We know what Americans would have said then, because it's what they say now: That sounds like a terrible idea, one of the worst any American president has ever had. And as we try to figure out what to do next, where should those 4,500 lives weigh in our thinking?
There are some who find in their sacrifice reason to go right back to Iraq, to make sure that what they gained there is not lost, or once lost might be regained. John McCain, for instance, who has barely ever met a foreign nation he didn't want to invade, says that he wants to send thousands of troops into Iraq to fight ISIS. The people running to lead his party aren't so sure; as The New York Times detailed on Sunday, the Republican presidential candidates talk tough and quote from action movies when the topic of ISIS comes up, but when it comes time to say what exactly they think we should do, they suddenly grow vague and noncommittal.
That's probably because they're smart enough to realize that advocating a reinvasion of Iraq would be poison at the ballot box, or maybe they actually learned what ought to be the primary lessons of our disastrous experience there: that there are some problems the United States military, for all its strength and skill, cannot solve; and that a large American military action in the Middle East will always have enormous unintended consequences.
But those candidates are still Republicans, which means they're committed to the idea that what matters in foreign policy is "strength," and strength means the willingness, even the eagerness, to send other people's children to fight and die in foreign lands. They look at Barack Obama's obvious reluctance to start new wars and restart old ones, and they see nothing but weakness. But how can you show strength against ISIS without going back to Iraq, which the public doesn't want?
There may be no good answer, and there may be no good way to redeem the American lives that were lost there. I don't know if those thousands of families whose loved ones died in Iraq would feel better if they thought the war was worthwhile and successful, if that would reduce their terrible pain. Perhaps it might. The problem is that we have little reason to believe that returning to Iraq in force would produce a result much different than the last time. We might drive ISIS out only to be left with a situation just as likely to produce further instability. And then what?

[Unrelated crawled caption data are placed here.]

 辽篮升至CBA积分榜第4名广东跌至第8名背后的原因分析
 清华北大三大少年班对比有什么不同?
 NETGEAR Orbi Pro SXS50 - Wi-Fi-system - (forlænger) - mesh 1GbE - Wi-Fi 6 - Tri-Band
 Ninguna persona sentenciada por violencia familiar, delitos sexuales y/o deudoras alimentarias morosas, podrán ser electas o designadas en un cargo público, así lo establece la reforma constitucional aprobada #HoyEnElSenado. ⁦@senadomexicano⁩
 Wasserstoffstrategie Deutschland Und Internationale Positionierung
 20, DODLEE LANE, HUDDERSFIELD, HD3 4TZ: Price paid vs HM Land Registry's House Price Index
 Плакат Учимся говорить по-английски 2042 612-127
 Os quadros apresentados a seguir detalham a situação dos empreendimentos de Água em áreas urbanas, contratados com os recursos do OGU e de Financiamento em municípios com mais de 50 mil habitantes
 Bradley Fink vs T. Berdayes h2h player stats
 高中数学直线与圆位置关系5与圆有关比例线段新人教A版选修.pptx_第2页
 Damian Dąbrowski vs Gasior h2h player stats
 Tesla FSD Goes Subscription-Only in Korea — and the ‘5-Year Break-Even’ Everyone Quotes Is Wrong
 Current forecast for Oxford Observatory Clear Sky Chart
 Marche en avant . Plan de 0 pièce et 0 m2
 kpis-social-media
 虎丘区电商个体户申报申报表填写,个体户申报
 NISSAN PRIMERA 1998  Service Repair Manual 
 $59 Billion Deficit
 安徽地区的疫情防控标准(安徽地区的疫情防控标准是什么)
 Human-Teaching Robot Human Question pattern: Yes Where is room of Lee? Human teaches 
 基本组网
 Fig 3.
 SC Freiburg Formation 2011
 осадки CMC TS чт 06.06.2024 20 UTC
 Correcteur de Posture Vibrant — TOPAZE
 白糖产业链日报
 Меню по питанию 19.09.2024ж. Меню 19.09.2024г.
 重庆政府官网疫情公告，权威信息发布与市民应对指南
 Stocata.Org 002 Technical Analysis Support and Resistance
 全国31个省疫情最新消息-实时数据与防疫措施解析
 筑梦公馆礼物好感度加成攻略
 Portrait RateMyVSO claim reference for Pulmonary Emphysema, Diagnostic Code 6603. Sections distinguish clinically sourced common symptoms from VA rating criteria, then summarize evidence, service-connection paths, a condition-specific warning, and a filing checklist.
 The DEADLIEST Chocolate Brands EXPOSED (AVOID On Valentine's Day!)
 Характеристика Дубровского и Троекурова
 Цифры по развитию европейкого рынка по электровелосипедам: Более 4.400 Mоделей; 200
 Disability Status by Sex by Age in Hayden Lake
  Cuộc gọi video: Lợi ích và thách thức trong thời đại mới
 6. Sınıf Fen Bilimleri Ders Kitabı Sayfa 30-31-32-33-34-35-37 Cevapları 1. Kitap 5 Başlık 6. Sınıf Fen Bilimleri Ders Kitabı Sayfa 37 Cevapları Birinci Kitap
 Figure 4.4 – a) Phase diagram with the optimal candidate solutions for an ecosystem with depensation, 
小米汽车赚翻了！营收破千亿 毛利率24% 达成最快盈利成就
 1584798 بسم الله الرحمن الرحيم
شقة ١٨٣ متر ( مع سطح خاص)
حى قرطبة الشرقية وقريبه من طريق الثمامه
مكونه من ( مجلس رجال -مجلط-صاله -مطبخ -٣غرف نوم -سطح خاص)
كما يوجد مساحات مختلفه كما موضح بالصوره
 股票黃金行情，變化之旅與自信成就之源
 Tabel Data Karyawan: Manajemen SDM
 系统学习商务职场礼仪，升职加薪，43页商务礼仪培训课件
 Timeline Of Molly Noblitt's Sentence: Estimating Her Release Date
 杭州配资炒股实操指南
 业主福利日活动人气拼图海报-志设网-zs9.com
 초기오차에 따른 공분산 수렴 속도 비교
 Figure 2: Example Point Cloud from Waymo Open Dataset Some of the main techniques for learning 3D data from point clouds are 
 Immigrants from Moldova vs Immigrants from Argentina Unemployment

No one seems to know. But if there's one thing we do know, it's that America will fight more wars, whether in Iraq or someplace else. Politicians like to flatter the American people by saying that we're a peace-loving country, that when we fight it's only because we have no choice, when our own safety and that of the entire world demands it. We're not the first country to tell itself this tale-men and women dying by the thousands for the cause of their leaders' stupidity and hubris is a story as old as civilization-but it could hardly be less true. In reality, we can't go more than a few years without taking military action against somebody somewhere; what has distinguished Democratic from Republican presidents in the last few decades (with the exception of genuinely peace-loving Jimmy Carter) is only the more limited nature of the engagements the former launch.
One day, we may build a memorial to the 6,840 Americans who died in Iraq and Afghanistan; for now, if you want to see their pictures and learn their names you can go here. And what will it say? It won't say that they came "to restore freedom and end tyranny," as an inscription at the World War II memorial reads. It may be a quiet and powerful testimony to the lives that were lost, like the Vietnam memorial-each an individual, each a tragedy. Perhaps that's all we'll be able to agree on: that these men and women were sent there, and they fought, and they died. One way or another, more will surely come after them.